Scientists shatter the accepted view of how sperm swim — in 3D
Models of a sperm's eye view upend centuries of fertility science
When considering how sperm move, the word "swimmers" comes to mind. The classic microscopic image is of a tiny cell swishing its tail from side to side as it propels forward.
A new 3D model upends that premise and presents a sense of movement that's more twirl than shimmy.
When sperm cells "swim," they are actually spinning as they move forward. This finding was reported Friday in the journal Science Advances.
Naturally lopsided, sperm tails curve to one side. They do wiggle – but they move to one side only. From the lens of a microscope positioned above a sample, as the curved line spins around, it looks like a swishing motion.
A 3D model based on this finding overturns 350 years of understanding about how human sperm move.
Mathematician Hermes Gadȇlha works at the University of Bristol. He's the study's first author and has worked on modeling sperm motion for years.
Using microscopes, the research team determined that sperm must be rotating. They observed that head of a sperm "blinks" as the cell moves, suggesting it is turning. The next step was to model exactly how a sperm moves through fluid.
"This is a shape — and the best language to describe a shape is really mathematics," Gadȇlha tells Inverse.
"You look at the same movement, but from the perspective of the sperm."
When Gadȇlha's team set out to build a computer model, they were expected to find a symmetrical cell that moved like a corkscrew. Instead, they discovered that the sperm cells wiggle only in one direction.
"At no time, the sperm is tail moving from side to side," Gadȇlha says. "The tail is actually rolling around the middle point."
Gadȇlha compares it to a lap swimmer using only one arm. Naturally, they would move in a circle. To move forward instead, they would have to counteract that asymmetry by rotating in the opposite direction. In the same way, sperm are able to average out their own asymmetry by twirling.
Here's the head-on view:
The best way to get a sense of this motion, Gadȇlha says, would be to attach a tiny GoPro to the head of a sperm. Unfortunately, that's not an option, for now, so the next best option is math. This study design allowed scientists to shift from an outsider's stance, watching sperm swim from above, to a sperm's eye view.

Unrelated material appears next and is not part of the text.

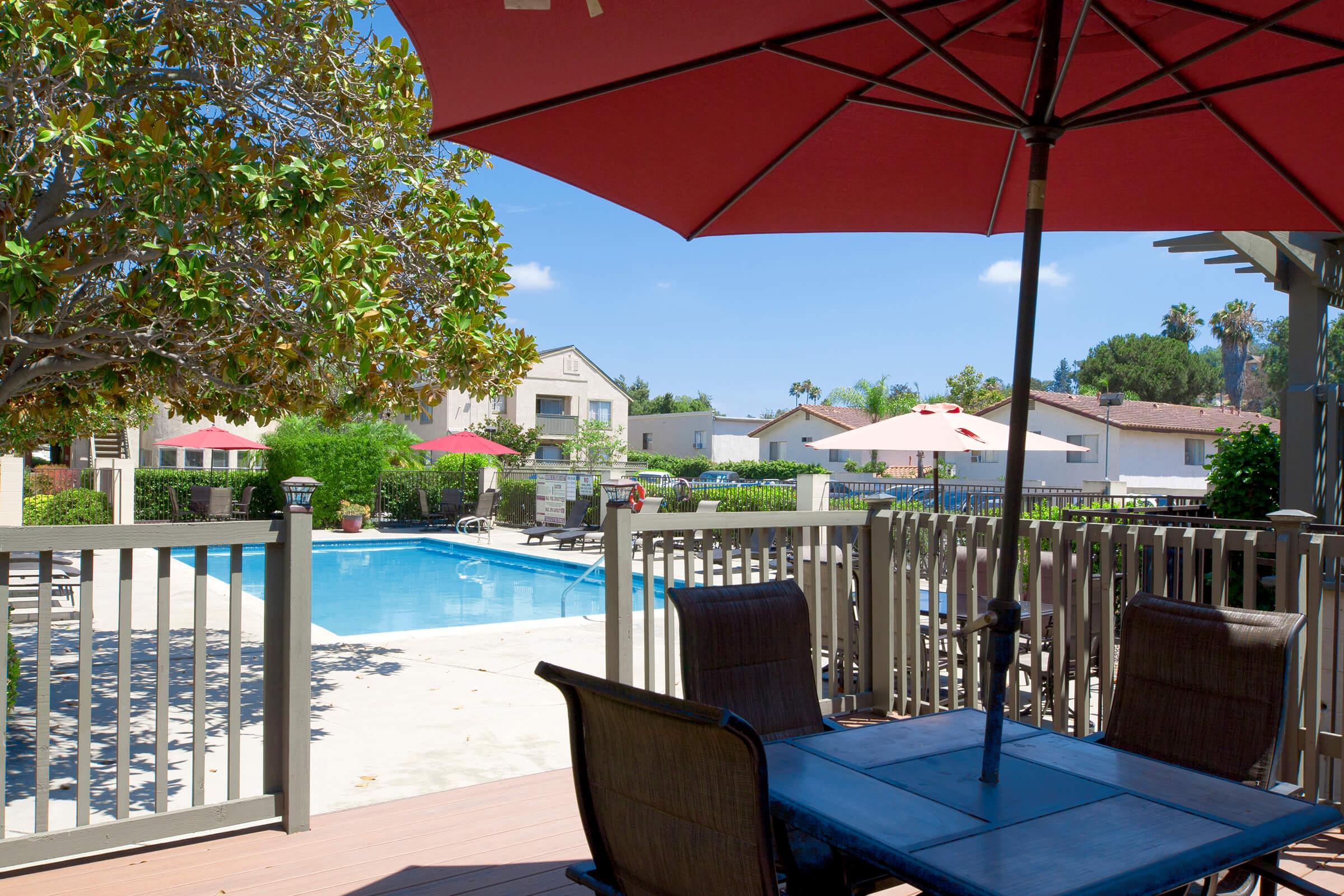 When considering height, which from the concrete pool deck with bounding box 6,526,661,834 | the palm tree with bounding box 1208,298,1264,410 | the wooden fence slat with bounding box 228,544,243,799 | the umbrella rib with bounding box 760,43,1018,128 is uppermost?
the palm tree with bounding box 1208,298,1264,410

"You look at the same movement, but from the perspective of the sperm," Gadȇlha says.
Fertility findings — Sperm science has come a long way, and yet, these new findings challenge fundamental principles of how human sperm move.
The first scientist to record observations of sperm under a microscope was Antonie van Leeuwenhoek. That was in 1677, and van Leeuwenhoek thought the cells were tiny, fully formed people. The intervening centuries have corrected his hypotheses. The new finding is yet another chapter in fertility science.
That tracks with how Gadȇlha sees approaching these questions.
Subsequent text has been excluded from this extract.